[Data excerpts Boundary: Start]

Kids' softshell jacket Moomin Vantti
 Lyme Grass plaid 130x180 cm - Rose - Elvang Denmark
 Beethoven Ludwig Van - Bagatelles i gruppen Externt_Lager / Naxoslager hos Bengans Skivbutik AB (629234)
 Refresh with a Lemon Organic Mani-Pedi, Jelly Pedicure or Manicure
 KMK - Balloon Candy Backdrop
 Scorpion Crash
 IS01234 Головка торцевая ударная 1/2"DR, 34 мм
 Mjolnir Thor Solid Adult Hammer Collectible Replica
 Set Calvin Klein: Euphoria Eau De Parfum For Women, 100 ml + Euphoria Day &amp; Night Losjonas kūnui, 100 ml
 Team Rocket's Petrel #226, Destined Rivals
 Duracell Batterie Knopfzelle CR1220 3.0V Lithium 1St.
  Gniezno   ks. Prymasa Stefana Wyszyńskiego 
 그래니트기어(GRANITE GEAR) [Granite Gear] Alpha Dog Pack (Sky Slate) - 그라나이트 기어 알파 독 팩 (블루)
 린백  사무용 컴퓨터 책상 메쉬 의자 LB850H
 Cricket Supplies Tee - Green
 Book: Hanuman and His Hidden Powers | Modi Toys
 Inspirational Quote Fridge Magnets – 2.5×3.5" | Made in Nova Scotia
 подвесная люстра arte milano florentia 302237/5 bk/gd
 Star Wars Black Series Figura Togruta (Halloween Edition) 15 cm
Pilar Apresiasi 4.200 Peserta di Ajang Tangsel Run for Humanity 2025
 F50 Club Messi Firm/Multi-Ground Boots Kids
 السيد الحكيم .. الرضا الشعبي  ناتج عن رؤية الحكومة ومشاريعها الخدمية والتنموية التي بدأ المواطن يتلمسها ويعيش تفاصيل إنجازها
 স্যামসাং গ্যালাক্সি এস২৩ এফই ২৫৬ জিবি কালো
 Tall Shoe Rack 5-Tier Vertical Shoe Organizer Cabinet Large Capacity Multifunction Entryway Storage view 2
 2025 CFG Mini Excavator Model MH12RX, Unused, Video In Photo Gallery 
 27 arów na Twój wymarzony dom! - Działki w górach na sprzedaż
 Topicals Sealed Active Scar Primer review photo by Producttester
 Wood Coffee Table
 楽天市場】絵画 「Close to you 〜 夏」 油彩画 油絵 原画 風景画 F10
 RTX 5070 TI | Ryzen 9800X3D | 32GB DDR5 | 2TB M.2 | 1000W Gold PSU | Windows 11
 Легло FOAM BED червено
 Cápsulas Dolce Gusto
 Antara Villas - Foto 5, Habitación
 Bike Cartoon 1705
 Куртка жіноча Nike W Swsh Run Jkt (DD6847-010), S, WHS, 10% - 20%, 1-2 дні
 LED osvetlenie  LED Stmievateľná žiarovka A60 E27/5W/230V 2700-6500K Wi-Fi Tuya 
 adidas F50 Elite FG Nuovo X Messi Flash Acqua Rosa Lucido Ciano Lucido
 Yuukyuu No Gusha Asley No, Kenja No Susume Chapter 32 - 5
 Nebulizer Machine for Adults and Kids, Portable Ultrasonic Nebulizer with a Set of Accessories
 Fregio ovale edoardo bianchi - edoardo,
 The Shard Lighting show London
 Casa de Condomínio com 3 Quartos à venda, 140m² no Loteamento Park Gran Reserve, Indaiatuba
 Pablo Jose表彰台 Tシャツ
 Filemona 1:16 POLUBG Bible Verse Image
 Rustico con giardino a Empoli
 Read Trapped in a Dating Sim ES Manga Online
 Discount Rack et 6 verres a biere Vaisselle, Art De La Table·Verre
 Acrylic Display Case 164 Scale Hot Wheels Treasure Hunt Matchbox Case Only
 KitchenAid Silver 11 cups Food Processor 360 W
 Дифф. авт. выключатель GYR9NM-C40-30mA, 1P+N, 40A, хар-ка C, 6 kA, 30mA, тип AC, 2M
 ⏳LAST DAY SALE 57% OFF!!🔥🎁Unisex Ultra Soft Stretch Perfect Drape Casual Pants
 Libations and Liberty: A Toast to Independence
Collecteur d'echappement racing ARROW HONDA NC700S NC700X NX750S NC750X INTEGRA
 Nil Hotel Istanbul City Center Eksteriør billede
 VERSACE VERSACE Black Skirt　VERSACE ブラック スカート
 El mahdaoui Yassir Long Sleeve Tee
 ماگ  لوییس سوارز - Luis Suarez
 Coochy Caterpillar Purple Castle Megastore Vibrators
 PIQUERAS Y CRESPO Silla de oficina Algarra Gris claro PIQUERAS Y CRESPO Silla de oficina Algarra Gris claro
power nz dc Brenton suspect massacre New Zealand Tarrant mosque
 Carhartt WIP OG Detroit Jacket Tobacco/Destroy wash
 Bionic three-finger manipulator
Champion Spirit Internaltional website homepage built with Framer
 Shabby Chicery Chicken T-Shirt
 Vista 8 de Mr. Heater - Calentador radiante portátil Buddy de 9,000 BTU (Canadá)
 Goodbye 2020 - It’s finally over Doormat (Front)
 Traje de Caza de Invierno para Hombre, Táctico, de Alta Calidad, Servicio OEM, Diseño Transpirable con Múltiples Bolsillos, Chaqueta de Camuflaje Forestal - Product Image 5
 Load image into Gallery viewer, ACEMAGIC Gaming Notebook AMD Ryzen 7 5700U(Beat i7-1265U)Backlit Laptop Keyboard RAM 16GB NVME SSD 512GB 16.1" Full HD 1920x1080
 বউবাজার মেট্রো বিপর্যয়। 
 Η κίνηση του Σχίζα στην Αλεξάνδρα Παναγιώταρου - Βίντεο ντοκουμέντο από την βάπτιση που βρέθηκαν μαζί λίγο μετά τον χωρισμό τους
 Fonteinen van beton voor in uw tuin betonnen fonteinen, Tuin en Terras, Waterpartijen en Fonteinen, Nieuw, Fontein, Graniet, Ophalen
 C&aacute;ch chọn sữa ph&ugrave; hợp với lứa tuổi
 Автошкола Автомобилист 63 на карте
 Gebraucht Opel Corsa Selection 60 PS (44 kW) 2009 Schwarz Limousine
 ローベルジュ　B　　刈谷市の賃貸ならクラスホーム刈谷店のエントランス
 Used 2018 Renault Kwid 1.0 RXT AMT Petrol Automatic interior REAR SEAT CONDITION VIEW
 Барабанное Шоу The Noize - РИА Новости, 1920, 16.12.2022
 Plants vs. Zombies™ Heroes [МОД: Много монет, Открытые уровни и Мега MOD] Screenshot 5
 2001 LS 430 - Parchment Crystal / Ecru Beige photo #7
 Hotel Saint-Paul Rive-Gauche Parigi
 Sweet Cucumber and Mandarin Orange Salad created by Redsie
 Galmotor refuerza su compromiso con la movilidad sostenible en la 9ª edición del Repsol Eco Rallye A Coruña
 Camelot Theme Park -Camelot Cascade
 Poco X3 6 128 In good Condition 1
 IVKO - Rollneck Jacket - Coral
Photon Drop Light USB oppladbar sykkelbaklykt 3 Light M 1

[Data excerpts Boundary: End]

**Activity**
The lines above from the one containing "Куртка жіноча Nike" through the one containing "Libations and Liberty: A" are to be set down exactly, and no others.

**Response area**
 Куртка жіноча Nike W Swsh Run Jkt (DD6847-010), S, WHS, 10% - 20%, 1-2 дні
 LED osvetlenie  LED Stmievateľná žiarovka A60 E27/5W/230V 2700-6500K Wi-Fi Tuya 
 adidas F50 Elite FG Nuovo X Messi Flash Acqua Rosa Lucido Ciano Lucido
 Yuukyuu No Gusha Asley No, Kenja No Susume Chapter 32 - 5
 Nebulizer Machine for Adults and Kids, Portable Ultrasonic Nebulizer with a Set of Accessories
 Fregio ovale edoardo bianchi - edoardo,
 The Shard Lighting show London
 Casa de Condomínio com 3 Quartos à venda, 140m² no Loteamento Park Gran Reserve, Indaiatuba
 Pablo Jose表彰台 Tシャツ
 Filemona 1:16 POLUBG Bible Verse Image
 Rustico con giardino a Empoli
 Read Trapped in a Dating Sim ES Manga Online
 Discount Rack et 6 verres a biere Vaisselle, Art De La Table·Verre
 Acrylic Display Case 164 Scale Hot Wheels Treasure Hunt Matchbox Case Only
 KitchenAid Silver 11 cups Food Processor 360 W
 Дифф. авт. выключатель GYR9NM-C40-30mA, 1P+N, 40A, хар-ка C, 6 kA, 30mA, тип AC, 2M
 ⏳LAST DAY SALE 57% OFF!!🔥🎁Unisex Ultra Soft Stretch Perfect Drape Casual Pants
 Libations and Liberty: A Toast to Independence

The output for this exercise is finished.